The score is 3-1 with just over 30 minutes left, and 30 yards from goal a hulk of a man stands over a dead ball, primed to pull his team back into the game. He takes three small steps and strikes the ball, not entirely with power, but with a finesse that puts the ball on a flight into the top left corner.
A single pump of the fist will do and he is on his way back to continue the comeback, which he will complete just 18 minutes later. He is used to it. The player is on fire – it is his seventh goal in nine games for his club – and making game-changing plays is what he does. How does the song go again?
It’s Jozy Altidore / you know he’s gonna score / we’ll go wild wild wild / we’ll go wild wild wild.
That’s right. Jozy Altidore has just scored a 30 yard free kick with the finesse of a player who would probably never play for Sunderland again. It is the kind of goal that makes you feel like your club is missing out, and they are.

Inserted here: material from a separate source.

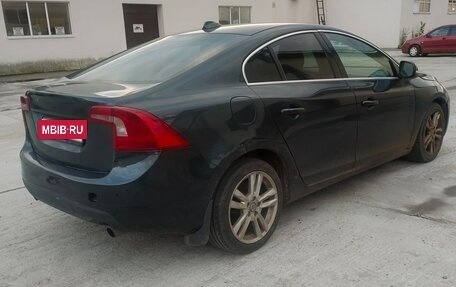 Volvo S60 III, 2010 год, 445 000 рублей, 2 фотография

In February 2015, Jozy told the Toronto Sun that he turned down nine potential European options in Italy, France and Germany, as well as a loan to another Premier League club. Instead, he went to Toronto FC in an effort to revitalise his career, and has he ever?
Altidore is an entirely different beast. Though he has always worn the physique of a player designed to bully backlines, it has never really matched his playing style. However, this offseason he dropped 10 pounds in an effort to improve his fitness and was the definition of a bully thereon. It was evident that this was a new and improved player, even if he was not scoring.
Pressing defences high up the pitch, making recoveries and tackles, dropping deep to support the midfield: does that sound like Altidore? Because that is the kind of player he is now.
In May, he went down with his second hamstring injury of the year, a result of the issues he has had for years prior. When he returned, he had an added edge, having finally sorted out the problem. Since coming back he is scoring or assisting a goal every 77 minutes (Jermain Defoe did the same only every 118).
Altidore has become a big game player for the Reds, having put up three goals and two assists in three MLS Playoff games this year, including two goals and one assist in a 7-0 aggregate rout of Patrick Vieira’s NYCFC.
More than that, Altidore has heart. When a dispute arose between the club and Inebriatti, a Toronto supporters’ group, he connected with the group. The game after the dispute had been resolved, he slalomed by USA teammates, Birnbaum and Hamid, before scoring and then jumped into the stands to celebrate.
Prior to this monumental shift, Altidore probably could have put in a solid contribution at a top tier club, as the European interest proves, but at 27-years-old and in the best fitness and form of his life I would argue that he would be more than an apt contributor at most clubs.
He is the very image of a striker you would love to see play for your team. He shows hustle, a nose for goal and heart, and thus your club is more than likely missing out.